The Incorrigibility of the Conquered: A Historiography Regarding the Failure of the Protestant Reformation in Early Modern Ireland

Student Author(s)

Cullen Smith

Faculty Mentor(s)

Dr. Janis Gibbs

Document Type

Poster

Event Date

4-15-2016

Abstract

Throughout the centuries following the Protestant Reformation in Ireland, historians have sought to develop a general consensus regarding the impact of the Protestant Reformation upon Irish history. Though much of the nineteenth and early twentieth centuries, a gradually emerging notion among early modern Irish historians addressed the Irish Reformation as a failure. My research focuses on the historiography of the Protestant Reformation in Ireland during the last quarter of the twentieth century, when analysis of the Protestant failure in Ireland was reformulated by Dr.

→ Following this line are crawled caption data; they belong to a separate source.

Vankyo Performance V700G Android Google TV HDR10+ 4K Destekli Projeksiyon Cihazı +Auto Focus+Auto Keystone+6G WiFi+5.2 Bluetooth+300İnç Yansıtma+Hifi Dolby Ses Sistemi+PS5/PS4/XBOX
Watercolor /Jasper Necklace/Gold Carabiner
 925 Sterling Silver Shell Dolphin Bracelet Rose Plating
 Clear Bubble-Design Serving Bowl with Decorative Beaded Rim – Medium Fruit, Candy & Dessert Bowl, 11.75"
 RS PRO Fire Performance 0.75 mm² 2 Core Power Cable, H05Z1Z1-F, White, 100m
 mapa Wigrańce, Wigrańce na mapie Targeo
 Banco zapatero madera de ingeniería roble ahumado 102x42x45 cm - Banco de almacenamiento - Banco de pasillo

Brendan Bradshaw and debate reinvigorated by his critic Dr. Nicolas Canny, both challenging the degree to which the Protestant Reformation in Ireland failed. These two scholars represented polar opposite spheres of thought on the matter: Bradshaw asserting that the Reformation was a complete failure due to inconsistent application of ecclesiastical punishment and internal educational reform during Elizabeth’s reign in the mid- to late-sixteenth century, and Canny maintaining that the Reformation’s failure could not have been conclusive until the emergence of the “Second Reformation” in the early nineteenth century. Subsequent debate amongst scholars such as Karl S. Bottigheimer and Alan Ford reconsidered Bradshaw’s points, mostly agreeing with his conclusions while attempting to synthesize the two schools of thought. By the twenty-first century, modern interpretations from scholars like Samantha Meigs shifted back towards narrow contextual explanations and broad socio-cultural interactions, making historical synthesis of past views wholly apparent. By examining the breadth of these views, this research on the historiography of the Protestant Reformation in Ireland attempts to explain how the Protestant Reformation in Ireland came to be regarded as a failure, and how the conquered Irish remained “incorrigible” to its effects.